Si sono così imbrogliate le carte a Napoli che la reazione a un tentativo di fuga diventa notizia. E l’incendio appiccato per ritorsione all’auto dei tutori dell’ordine degrada a episodio di secondaria importanza, quasi una conseguenza naturale dell’incidente o un diritto non discutibile di chi è abituato a farsi giustizia da sé. Nel guazzabuglio di regole non rispettate si perde la vita di Davide e va in crisi quella del coetaneo che l’ha ucciso nell’illusione di stare a un gioco delle parti che sembra funzionare nei film di azione ma non nella realtà. Non, almeno, in quella incerta e indefinibile del quarantunesimo parallelo all’ombra di un Vesuvio che pure appare indeciso sul da farsi.

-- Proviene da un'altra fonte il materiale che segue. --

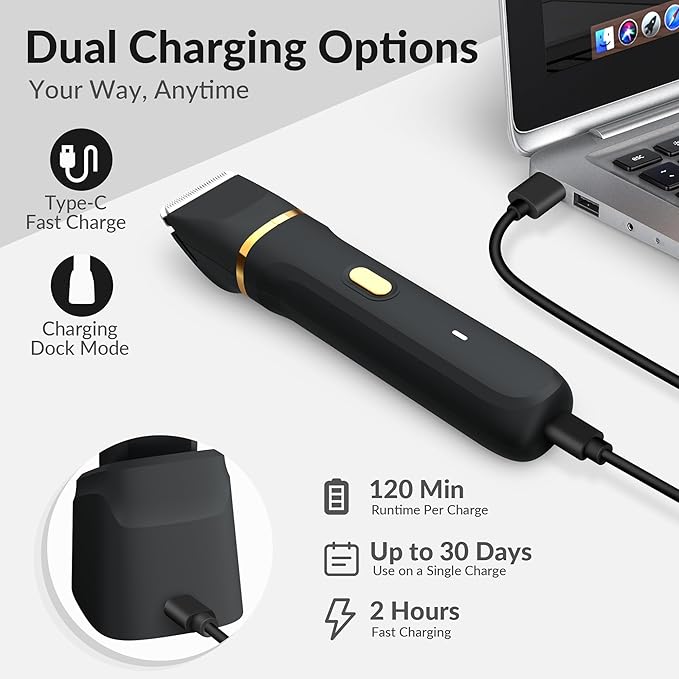 KINGTEE 5-in-1 Electric Bikini Trimmer for Women – IPX7 Waterproof Shaver, Cordless Body & Facial Razors for Women, Ceramic Blades, USB-C Rechargeable, Painless Hair Removal Kit (Black)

L’indagine della Procura, scattata prontamente, dovrà chiarire torti e ragioni legali: se è vero che i giovani sul motorino hanno ignorato l’alt dei giovani in divisa; se è vero che questi hanno inseguito gli altri nel tentativo di acciuffare un latitante e dunque compiendo il lavoro per il quale sono pagati (polemiche attuali a parte); se è vero che, bloccati due fuggitivi su tre, partiva un colpo per errore che uccideva Bifolco o se è vero che il colpo partiva per deliberata volontà. Presto conosceremo la dinamica dei fatti e tutti potremo farci un’idea più chiara dell’accaduto rinforzando le nostre convinzioni in questo ennesimo episodio della lunga e dolorosa lotta tra guardie e ladri.

Resta il fatto che nella ex capitale del Mezzogiorno che si avvia a diventare per legge città metropolitana con circa quattro milioni di abitanti su un’area così piccola da determinare la più alta densità di popolazione del Paese, sei giovani su dieci non trovano lavoro e tutti quelli che possono scappano via in cerca di un futuro che qui non potrebbero avere. In questo territorio l’economia sommersa e quella criminale − che adesso si vuole far entrare nel calcolo del Pil nelle forme del commercio di droga, della prostituzione e del contrabbando − raggiungono punte del 40 per cento rappresentando per troppe anime, volenti o nolenti, l’unica possibilità di sopravvivenza.